How strong is the BSP in Madhya Pradesh?

The party relies mainly on a committed vote bank comprising Scheduled Castes.

Three of the four seats it won in Madhya Pradesh in 2013 are reserved for SCs. Of these, two are located in the Gwalior-Chambal region that has a comparatively high population of SCs and the remaining in the Vindhya region, the stronghold of the BSP in the state.

The party notches up victories in its strongholds where the contest is three-way or where the Congress has become very weak and does not have substantial votes to win.

The BSP usually wins when it gets the SC vote en masse along with some OBC votes. The party could win in the Vindhya region in the 1990s when OBCs like the locally dominant Kurmis began supporting it. In recent years, however, the Kurmis have largely abandoned the BSP and been appropriated by the Congress and BJP.

In the one general seat that the BSP won in 2013, Dimani, it had fielded an upper caste candidate. Balvir Singh Dhadotiya, a Brahmin, secured the combined SC and Brahmin votes to post a victory.

Both in Madhya Pradesh and in Chhattisgarh, the crux of a possible BSP-Congress tie up would have rest on vote transferability.  The Congress cannot yield seats to the BSP beyond a certain point since it feels that in such case the upper caste vote will go to the BJP instead.

The BSP feels its vote will transfer to the Congress but not vice versa. In such a scenario, the BSP thinks that it is at a disadvantage in forming an alliance with the Congress.

In fact, at the ground level, the Congress and BSP have often competed for the same vote. However, the prospect of a BSP rise at the expense of the Congress is remote.

Congress leaders are also wary of the ongoing upper caste and OBC backlash against the SC/ST Act and reservations in promotions and jobs. An alliance with the BSP, it feels, could hurt its chances as non-Dalit voters might shy away from the Congress and go with the BJP.

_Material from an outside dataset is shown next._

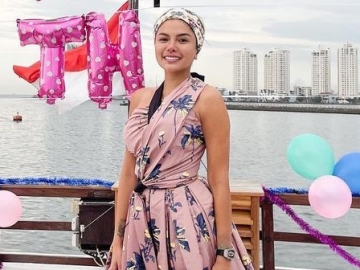 Nikita Mirzani Semringah Pamer Bunga Pemberian Pacar Baru, Bocoran Inisial Nama Bikin Heboh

The assembly elections in November are critical for both the BSP and the Congress.

The BSP's ascendancy in Uttar Pradesh as well as in Madhya Pradesh, Rajasthan and Chhattisgarh had been a body blow to the Congress.

However, with an ambitious Mayawati taking the Bahujan vote for granted and courting the upper-caste vote, the BSP's expansion not only slowed down post-2012 but actually began declining. Now, both the parties are vying for the same vote bank.